So it would have been a 1D IV replacement, wouldn't it?

While we are on the topic of stating our dreams as facts, Canon will bring out an actual model called EOS 3D which will take 3-dimensional photos and videos that can be projected in space like in the Star Wars. It will give an impression of 'being there'.


----------



## jdramirez (Jun 27, 2014)

sagittariansrock said:


> So it would have been a 1D IV replacement, wouldn't it?
> 
> While we are on the topic of stating our dreams as facts, Canon will bring out an actual model called EOS 3D which will take 3-dimensional photos and videos that can be projected in space like in the Star Wars. It will give an impression of 'being there'.



You know Wesley Crushed would spend all of his free time in the holodeck... all his time.


----------



## zim (Jun 27, 2014)

you mean the 8HD

haha no chance


----------



## tiger82 (Jun 27, 2014)

Won't be a 1D Mark IV replacement either because it will not have the larger pro body. APS-H in a 7D size body. It will keep the price down below the 1Dx but above a 7D. I expect a $3500 price tag making it an APS-H equivalent to the 5D Mark III


----------



## Maximilian (Jun 27, 2014)

tiger82 said:


> It will be a 1D Mark V in a 7D size body, hence the change to 1Dx because it is full frame.


ehrm...


no!


----------



## tiger82 (Jun 27, 2014)

And you are so knowledgeable because ......


----------



## polarhannes (Jun 27, 2014)

Where did you get that information from?
Source?

It does not make much sense in my opinion, but who am I to judge?


----------



## Don Haines (Jun 27, 2014)

You are all wrong!

It's going to be a mirrorless micro four thirds camera.....


----------



## bdunbar79 (Jun 27, 2014)

tiger82 said:


> And you are so knowledgeable because ......



APS-H is gone. Not coming back.


----------



## keithcooper (Jun 27, 2014)

Excellent - there has been a dearth of APS-H rumours for quite a while.

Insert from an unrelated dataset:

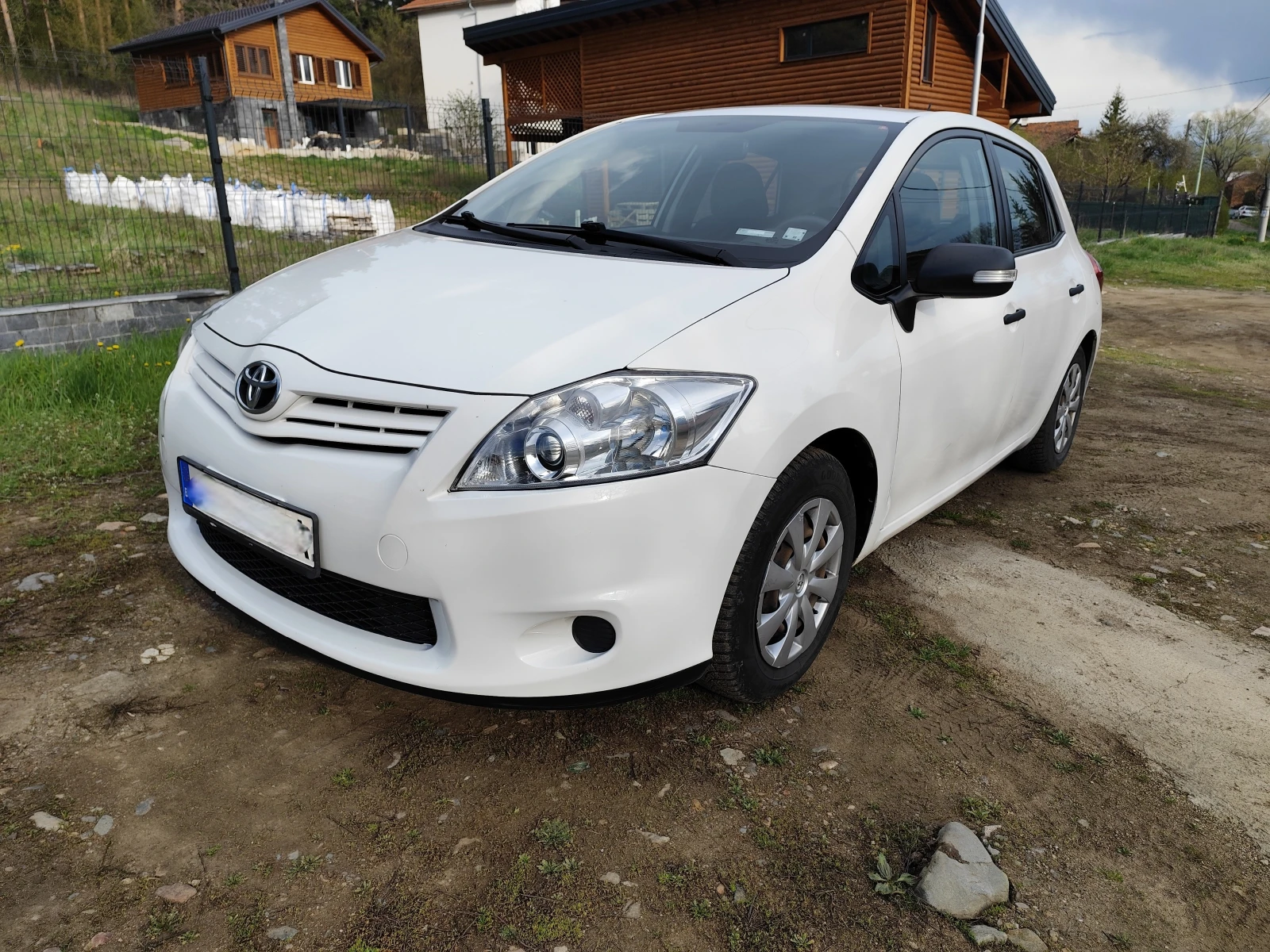 Toyota Auris 1.33 VVT-i - изображение 3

Probably for quite good reasons ;-)


----------



## zlatko (Jun 27, 2014)

polarhannes said:


> Where did you get that information from?
> Source?



Yes, please tell us. Interesting rumor, but are you just making this up?


----------



## tiger82 (Jun 27, 2014)

Apparently, Canon has the technology: http://www.canon.com/news/2010/aug24e.html


----------



## tiger82 (Jun 27, 2014)

tiger82 said:


> Apparently, Canon has had the technology since 2010: http://www.canon.com/news/2010/aug24e.html


----------



## Lightmaster (Jun 27, 2014)

tiger82 said:


> Apparently, Canon has the technology: http://www.canon.com/news/2010/aug24e.html



wow 2010... really?

thanks for reminding us about something all here know. ;D


----------



## bardamu (Jun 27, 2014)

APS-History.


----------



## tiger82 (Jun 27, 2014)

Apparently not everyone. It makes sense that Canon cannot price a new camera between the 1Dx and 1Dc. $2000-2500 and they will cannibalize 5D3 sales. I expect the new body between $3500-4000 which is too pricey for APS-C but perfect for a high MP APS-H body.


----------



## jrista (Jun 28, 2014)

Don Haines said:


> You are all wrong!
> 
> It's going to be a mirrorless micro four thirds camera.....




EEEEWWWWwwwww.....


----------



## Lee Jay (Jun 28, 2014)

tiger82 said:


> I expect a $3500 price tag making it an APS-H equivalent to the 5D Mark III



Good. So, do you think they'll sell a whole or maybe not quite a dozen?


----------



## AprilForever (Jun 28, 2014)

APS-H would be interesting, yet it would surely cost more, and seriously not be a 7D... If they will make the 7D mk II a pro style body, I will surely get one anyway, though I may need to mine for gold or sell a car or something...


----------



## dolina (Jun 28, 2014)

This is how rumors start.


----------



## tiger82 (Jun 28, 2014)

dolina said:


> This is how rumors start.



I looked for www.canonfacts.com but couldn't find it.


----------



## Don Haines (Jun 28, 2014)

jrista said:


> Don Haines said:
> 
> 
> > You are all wrong!
> ...


Just as likely as APS-H.....


----------



## Austin (Jun 28, 2014)

What an idiotic rumor. Look, some people like the reach of an APS-C, so Canon is going to appease them. If they want the bigger sensor, they'll go with the 1DX.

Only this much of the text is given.